For \(m\) integer \(\neq 1\) which can be negative or positive, the ode is\begin {equation} \frac {dy}{dx}=\left ( a+bx+cy\right ) ^{m} \tag {1} \end {equation} Let \(z=a+bx+cy\) then\begin {align*} \frac {dz}{dx} & =b+c\frac {dy}{dx}\\ \frac {dy}{dx} & =\left ( \frac {dz}{dx}-b\right ) \frac {1}{c} \end {align*}
Hence (1) becomes\begin {align} \left ( \frac {dz}{dx}-b\right ) \frac {1}{c} & =z^{m}\nonumber \\ \frac {dz}{dx} & =cz^{m}+b\nonumber \\ \int \frac {dz}{cz^{m}+b} & =\int dx \tag {2} \end {align}
If the left side is integrable, then the solution to (1) can be found. For \(m\) integer it is possible to find antiderivative. For example for \(n=2\) then (2) becomes\[ \frac {1}{\sqrt {bc}}\arctan \left ( \sqrt {\frac {c}{b}}z\right ) =x+C_{1}\] Replacing back \(z=a+bx+cy\) the above becomes\begin {equation} \frac {1}{\sqrt {bc}}\arctan \left ( \sqrt {\frac {c}{b}}\left ( a+bx+cy\right ) \right ) =x+C_{1} \tag {3} \end {equation} Which is the implicit solution to (1).

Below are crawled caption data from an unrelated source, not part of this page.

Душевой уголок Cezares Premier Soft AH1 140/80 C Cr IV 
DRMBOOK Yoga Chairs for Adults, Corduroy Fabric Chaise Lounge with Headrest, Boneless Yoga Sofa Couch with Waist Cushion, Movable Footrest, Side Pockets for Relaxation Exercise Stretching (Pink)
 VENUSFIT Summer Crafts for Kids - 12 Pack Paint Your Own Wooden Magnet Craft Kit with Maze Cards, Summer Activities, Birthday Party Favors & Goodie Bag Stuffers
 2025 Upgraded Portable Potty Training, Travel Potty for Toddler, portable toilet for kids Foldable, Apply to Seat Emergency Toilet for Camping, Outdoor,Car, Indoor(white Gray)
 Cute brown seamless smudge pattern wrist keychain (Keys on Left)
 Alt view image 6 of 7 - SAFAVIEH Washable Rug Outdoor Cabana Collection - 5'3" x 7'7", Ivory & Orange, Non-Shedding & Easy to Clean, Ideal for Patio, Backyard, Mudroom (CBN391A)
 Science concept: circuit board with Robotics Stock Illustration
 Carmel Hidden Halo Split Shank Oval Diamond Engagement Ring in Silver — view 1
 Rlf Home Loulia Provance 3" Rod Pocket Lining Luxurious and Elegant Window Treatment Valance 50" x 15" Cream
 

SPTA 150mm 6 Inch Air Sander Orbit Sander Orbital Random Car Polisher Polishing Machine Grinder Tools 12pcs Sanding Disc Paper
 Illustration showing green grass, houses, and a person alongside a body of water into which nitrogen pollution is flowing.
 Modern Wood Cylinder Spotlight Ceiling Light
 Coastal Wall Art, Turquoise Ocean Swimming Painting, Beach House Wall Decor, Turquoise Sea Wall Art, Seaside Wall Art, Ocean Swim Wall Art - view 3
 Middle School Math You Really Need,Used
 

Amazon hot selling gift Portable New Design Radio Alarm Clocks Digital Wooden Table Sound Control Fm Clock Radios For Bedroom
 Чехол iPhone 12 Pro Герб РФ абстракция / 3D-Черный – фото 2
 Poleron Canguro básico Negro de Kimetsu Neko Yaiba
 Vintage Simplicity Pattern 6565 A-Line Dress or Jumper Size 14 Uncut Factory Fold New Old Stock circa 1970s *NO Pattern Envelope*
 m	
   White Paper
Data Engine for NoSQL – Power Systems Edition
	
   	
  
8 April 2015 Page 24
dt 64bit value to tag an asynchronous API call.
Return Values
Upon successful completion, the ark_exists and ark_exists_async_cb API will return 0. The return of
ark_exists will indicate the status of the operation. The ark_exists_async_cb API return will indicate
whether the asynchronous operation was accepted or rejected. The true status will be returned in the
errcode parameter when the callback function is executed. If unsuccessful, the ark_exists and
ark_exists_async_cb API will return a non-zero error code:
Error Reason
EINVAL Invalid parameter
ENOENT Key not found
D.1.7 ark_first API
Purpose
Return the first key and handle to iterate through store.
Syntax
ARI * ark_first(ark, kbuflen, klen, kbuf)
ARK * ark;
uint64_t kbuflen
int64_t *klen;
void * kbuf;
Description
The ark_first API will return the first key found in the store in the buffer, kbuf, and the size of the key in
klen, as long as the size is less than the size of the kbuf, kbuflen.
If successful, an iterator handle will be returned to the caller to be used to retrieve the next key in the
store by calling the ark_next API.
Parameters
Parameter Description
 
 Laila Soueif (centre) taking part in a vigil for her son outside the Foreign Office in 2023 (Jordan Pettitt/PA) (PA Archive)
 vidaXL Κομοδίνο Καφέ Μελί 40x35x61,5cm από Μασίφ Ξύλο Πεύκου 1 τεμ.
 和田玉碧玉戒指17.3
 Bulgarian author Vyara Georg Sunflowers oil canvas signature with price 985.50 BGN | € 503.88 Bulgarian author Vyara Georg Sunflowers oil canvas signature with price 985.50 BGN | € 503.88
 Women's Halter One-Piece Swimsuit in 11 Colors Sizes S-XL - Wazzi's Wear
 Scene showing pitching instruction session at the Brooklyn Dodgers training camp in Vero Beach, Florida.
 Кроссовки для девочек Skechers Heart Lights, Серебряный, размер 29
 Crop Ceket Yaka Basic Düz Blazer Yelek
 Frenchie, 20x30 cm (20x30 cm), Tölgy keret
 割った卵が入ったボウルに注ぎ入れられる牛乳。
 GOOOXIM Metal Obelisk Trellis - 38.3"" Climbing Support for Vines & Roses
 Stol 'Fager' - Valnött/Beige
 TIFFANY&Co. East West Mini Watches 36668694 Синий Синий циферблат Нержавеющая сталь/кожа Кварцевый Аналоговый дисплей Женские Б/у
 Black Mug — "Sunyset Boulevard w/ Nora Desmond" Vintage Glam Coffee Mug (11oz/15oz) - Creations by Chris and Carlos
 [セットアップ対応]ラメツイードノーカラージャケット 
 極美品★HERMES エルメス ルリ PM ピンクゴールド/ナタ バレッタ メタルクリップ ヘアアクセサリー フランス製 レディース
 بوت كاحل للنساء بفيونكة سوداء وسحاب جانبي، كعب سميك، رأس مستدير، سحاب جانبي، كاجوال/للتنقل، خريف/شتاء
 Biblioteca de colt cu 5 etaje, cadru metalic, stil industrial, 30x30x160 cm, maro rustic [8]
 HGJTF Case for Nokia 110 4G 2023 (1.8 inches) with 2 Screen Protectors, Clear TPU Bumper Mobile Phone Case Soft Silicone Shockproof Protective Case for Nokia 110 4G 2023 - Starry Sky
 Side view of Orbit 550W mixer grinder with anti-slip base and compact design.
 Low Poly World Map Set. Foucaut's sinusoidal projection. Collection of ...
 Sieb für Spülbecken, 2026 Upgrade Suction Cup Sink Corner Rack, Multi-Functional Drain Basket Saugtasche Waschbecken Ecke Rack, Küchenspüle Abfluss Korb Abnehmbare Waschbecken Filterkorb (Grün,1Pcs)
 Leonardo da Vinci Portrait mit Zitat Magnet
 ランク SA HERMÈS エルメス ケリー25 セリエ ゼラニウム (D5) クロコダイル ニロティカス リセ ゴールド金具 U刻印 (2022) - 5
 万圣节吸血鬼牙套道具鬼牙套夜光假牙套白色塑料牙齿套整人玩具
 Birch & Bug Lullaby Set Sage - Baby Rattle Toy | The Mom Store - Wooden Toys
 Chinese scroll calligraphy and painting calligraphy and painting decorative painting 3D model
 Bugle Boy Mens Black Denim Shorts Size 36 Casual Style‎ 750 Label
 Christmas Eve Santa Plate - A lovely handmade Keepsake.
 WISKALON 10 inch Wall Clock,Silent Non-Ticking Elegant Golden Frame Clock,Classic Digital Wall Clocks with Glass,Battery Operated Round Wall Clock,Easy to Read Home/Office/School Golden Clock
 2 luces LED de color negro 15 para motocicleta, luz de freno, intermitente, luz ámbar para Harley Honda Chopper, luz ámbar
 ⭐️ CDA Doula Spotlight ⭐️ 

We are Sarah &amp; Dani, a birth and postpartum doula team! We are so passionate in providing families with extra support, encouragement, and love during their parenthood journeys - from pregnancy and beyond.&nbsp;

for \(m=2\). For an example, for \(a=1,b=1,c=1\) Eq. (1) becomes\[ \frac {dy}{dx}=\left ( 1+x+y\right ) ^{2}\] And (3) becomes\begin {align} \arctan \left ( 1+x+y\right ) & =x+C_{1}\nonumber \\ 1+x+y & =\tan \left ( x+C_{1}\right ) \nonumber \\ y & =\tan \left ( x+C_{1}\right ) -1-x \tag {4} \end {align}
And for \(m=3\) Eq. (2) becomes\[ \frac {-1}{6b^{\frac {2}{3}}c^{\frac {1}{3}}}\left ( 2\sqrt {3}\arctan \left ( \frac {1-2\left ( \frac {c}{b}\right ) ^{\frac {1}{3}}z}{\sqrt {3}}\right ) -2\ln \left ( b^{\frac {1}{3}}+c^{\frac {1}{3}}z\right ) +\ln \left ( b^{\frac {2}{3}}-b^{\frac {1}{3}}c^{\frac {1}{3}}+c^{\frac {2}{3}}z^{2}\right ) \right ) =x+C_{1}\] Replacing back \(z=a+bx+cy\) the above becomes\begin {equation} \frac {-1}{6b^{\frac {2}{3}}c^{\frac {1}{3}}}\left ( 2\sqrt {3}\arctan \left ( \frac {1-2\left ( \frac {c}{b}\right ) ^{\frac {1}{3}}\left ( a+bx+cy\right ) }{\sqrt {3}}\right ) -2\ln \left ( b^{\frac {1}{3}}+c^{\frac {1}{3}}\left ( a+bx+cy\right ) \right ) +\ln \left ( b^{\frac {2}{3}}-b^{\frac {1}{3}}c^{\frac {1}{3}}+c^{\frac {2}{3}}\left ( a+bx+cy\right ) ^{2}\right ) \right ) =x+C_{1} \tag {5} \end {equation} Which is the implicit solution to (1) for \(m=3\). Using \(a=1,b=1,c=1\) then (1) becomes\[ \frac {dy}{dx}=\left ( 1+x+y\right ) ^{3}\] And its solution (5) now simplifies to\[ \frac {-1}{6}\left ( 2\sqrt {3}\arctan \left ( \frac {1-2\left ( 1+x+y\right ) }{\sqrt {3}}\right ) -2\ln \left ( 2+x+y\right ) +\ln \left ( \left ( 1+x+y\right ) ^{2}\right ) \right ) =x+C_{1}\] And so on for higher values of \(m\), but solution get complicated very quickly. This method also works for negative \(m\).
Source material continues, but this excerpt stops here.